What you need to do: Write out each line of the entries exactly, starting at the first and finishing with the line that contains "Fourth View of".

-=-=-=-=-

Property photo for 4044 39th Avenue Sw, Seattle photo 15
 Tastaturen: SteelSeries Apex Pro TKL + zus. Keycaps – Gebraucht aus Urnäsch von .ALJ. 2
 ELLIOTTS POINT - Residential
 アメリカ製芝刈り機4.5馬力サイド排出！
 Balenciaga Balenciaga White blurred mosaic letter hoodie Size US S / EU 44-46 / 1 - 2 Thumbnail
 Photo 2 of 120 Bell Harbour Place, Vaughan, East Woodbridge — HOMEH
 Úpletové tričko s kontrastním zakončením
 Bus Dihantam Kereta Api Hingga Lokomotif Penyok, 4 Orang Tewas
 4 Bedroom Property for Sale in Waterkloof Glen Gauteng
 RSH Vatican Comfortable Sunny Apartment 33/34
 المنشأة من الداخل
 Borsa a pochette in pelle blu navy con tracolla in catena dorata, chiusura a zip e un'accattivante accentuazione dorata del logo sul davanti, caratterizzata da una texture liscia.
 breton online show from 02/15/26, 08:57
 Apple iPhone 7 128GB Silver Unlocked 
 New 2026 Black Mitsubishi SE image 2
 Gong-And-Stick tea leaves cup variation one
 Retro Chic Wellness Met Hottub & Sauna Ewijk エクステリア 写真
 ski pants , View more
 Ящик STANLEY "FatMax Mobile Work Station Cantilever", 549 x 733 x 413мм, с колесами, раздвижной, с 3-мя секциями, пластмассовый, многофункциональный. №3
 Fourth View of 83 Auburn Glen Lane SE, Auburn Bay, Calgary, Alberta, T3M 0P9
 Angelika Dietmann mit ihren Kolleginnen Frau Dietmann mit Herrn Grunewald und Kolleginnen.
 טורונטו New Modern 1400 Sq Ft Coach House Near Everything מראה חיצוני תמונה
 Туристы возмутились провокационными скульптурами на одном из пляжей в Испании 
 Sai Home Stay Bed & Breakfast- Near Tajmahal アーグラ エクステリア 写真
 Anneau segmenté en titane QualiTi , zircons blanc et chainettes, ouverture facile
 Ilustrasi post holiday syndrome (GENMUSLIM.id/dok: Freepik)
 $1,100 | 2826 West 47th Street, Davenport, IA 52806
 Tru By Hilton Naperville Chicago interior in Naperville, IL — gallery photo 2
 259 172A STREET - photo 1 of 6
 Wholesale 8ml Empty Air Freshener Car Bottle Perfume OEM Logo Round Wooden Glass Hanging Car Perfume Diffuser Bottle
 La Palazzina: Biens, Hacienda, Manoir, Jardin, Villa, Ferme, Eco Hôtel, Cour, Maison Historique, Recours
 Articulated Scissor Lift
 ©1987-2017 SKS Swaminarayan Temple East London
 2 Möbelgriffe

-=-=-=-=-

Written reply:
Property photo for 4044 39th Avenue Sw, Seattle photo 15
 Tastaturen: SteelSeries Apex Pro TKL + zus. Keycaps – Gebraucht aus Urnäsch von .ALJ. 2
 ELLIOTTS POINT - Residential
 アメリカ製芝刈り機4.5馬力サイド排出！
 Balenciaga Balenciaga White blurred mosaic letter hoodie Size US S / EU 44-46 / 1 - 2 Thumbnail
 Photo 2 of 120 Bell Harbour Place, Vaughan, East Woodbridge — HOMEH
 Úpletové tričko s kontrastním zakončením
 Bus Dihantam Kereta Api Hingga Lokomotif Penyok, 4 Orang Tewas
 4 Bedroom Property for Sale in Waterkloof Glen Gauteng
 RSH Vatican Comfortable Sunny Apartment 33/34
 المنشأة من الداخل
 Borsa a pochette in pelle blu navy con tracolla in catena dorata, chiusura a zip e un'accattivante accentuazione dorata del logo sul davanti, caratterizzata da una texture liscia.
 breton online show from 02/15/26, 08:57
 Apple iPhone 7 128GB Silver Unlocked 
 New 2026 Black Mitsubishi SE image 2
 Gong-And-Stick tea leaves cup variation one
 Retro Chic Wellness Met Hottub & Sauna Ewijk エクステリア 写真
 ski pants , View more
 Ящик STANLEY "FatMax Mobile Work Station Cantilever", 549 x 733 x 413мм, с колесами, раздвижной, с 3-мя секциями, пластмассовый, многофункциональный. №3
 Fourth View of 83 Auburn Glen Lane SE, Auburn Bay, Calgary, Alberta, T3M 0P9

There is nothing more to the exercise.